— TASK ITEM —
The required answer is the run of lines from the one holding "EC限定】防ダニ 消臭ラグ ポント（グリーン） | すべての商品" to the end of the data below, copied exactly and free of pictures.

— SOURCE MATERIAL —

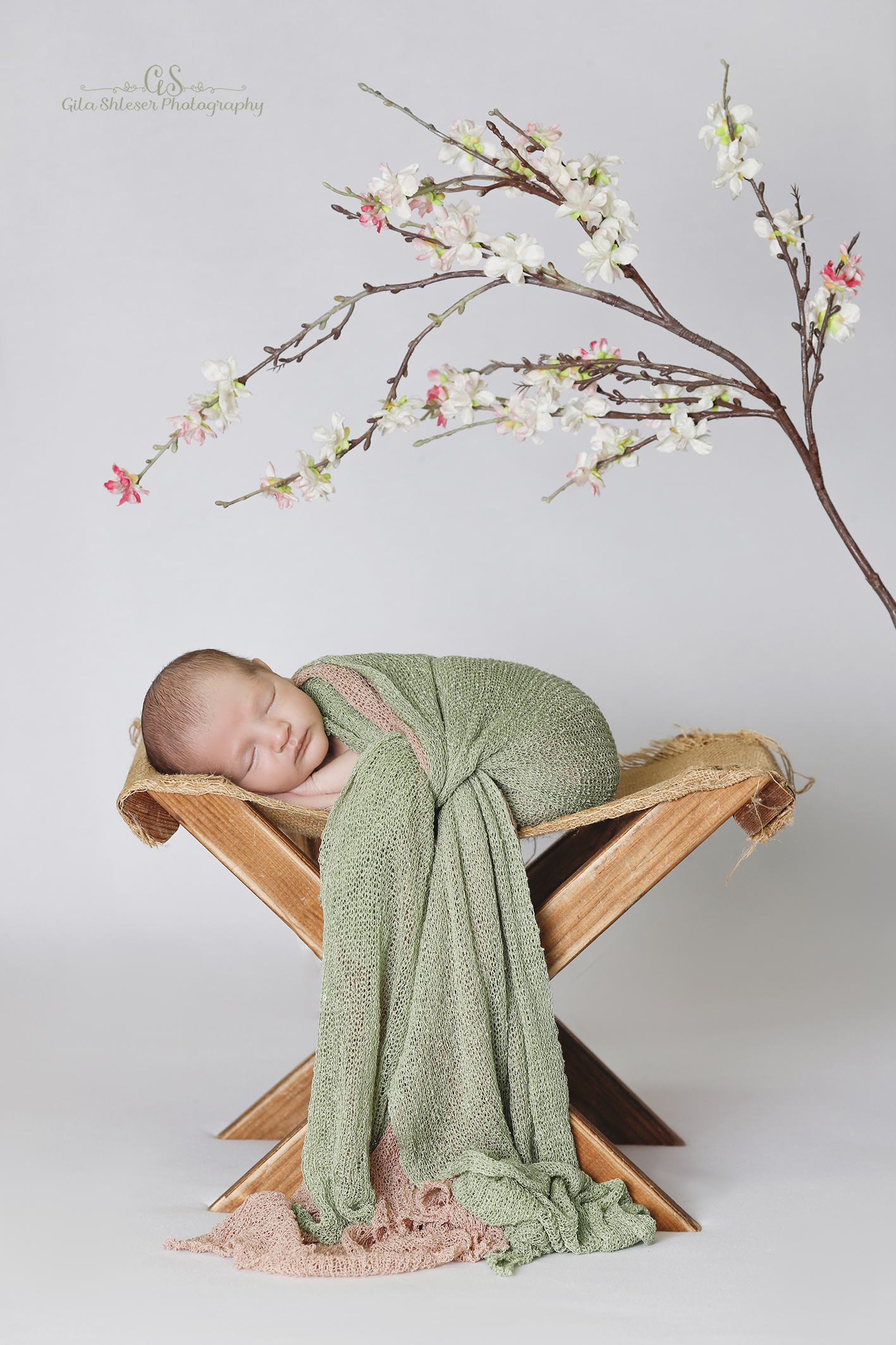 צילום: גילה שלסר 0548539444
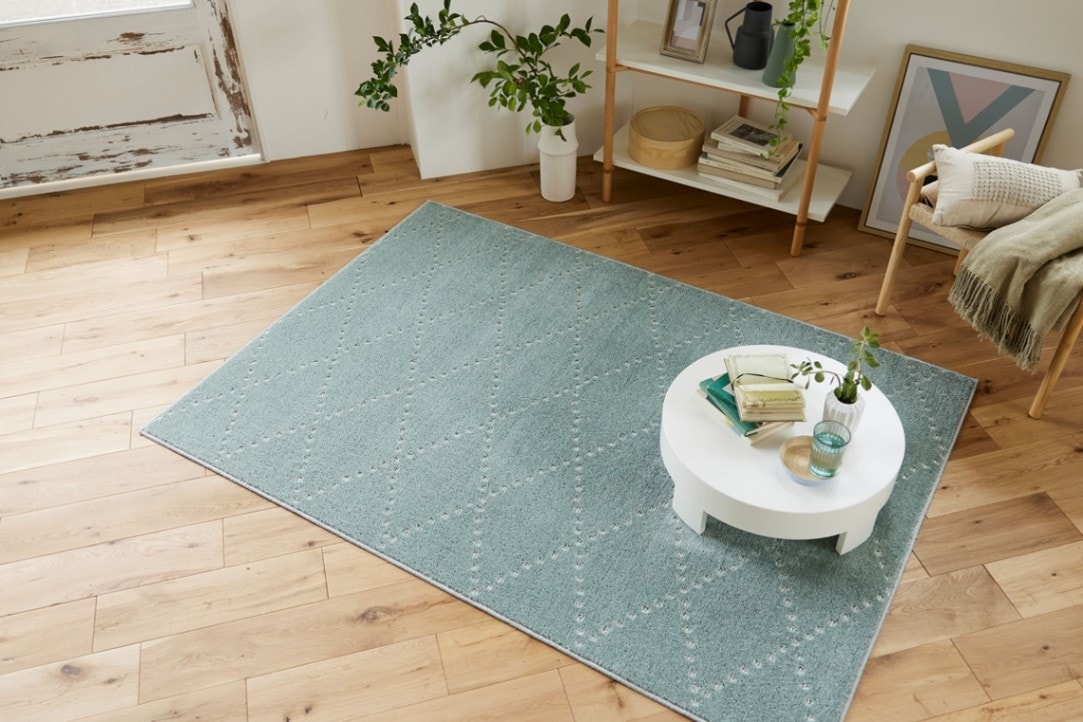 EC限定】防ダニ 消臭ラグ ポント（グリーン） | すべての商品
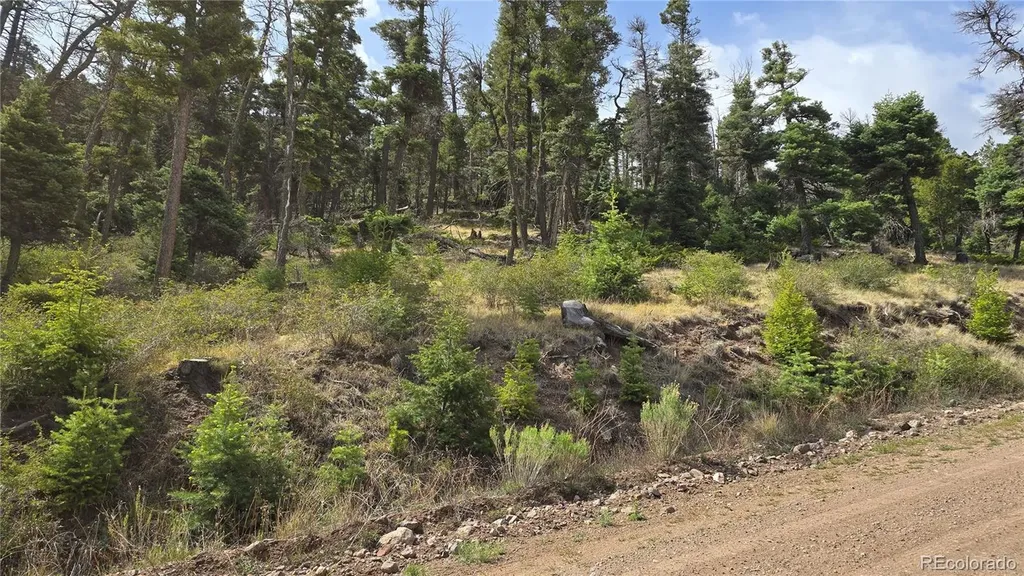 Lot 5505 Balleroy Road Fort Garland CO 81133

— SOLVED PROBLEM —
 EC限定】防ダニ 消臭ラグ ポント（グリーン） | すべての商品
 Lot 5505 Balleroy Road Fort Garland CO 81133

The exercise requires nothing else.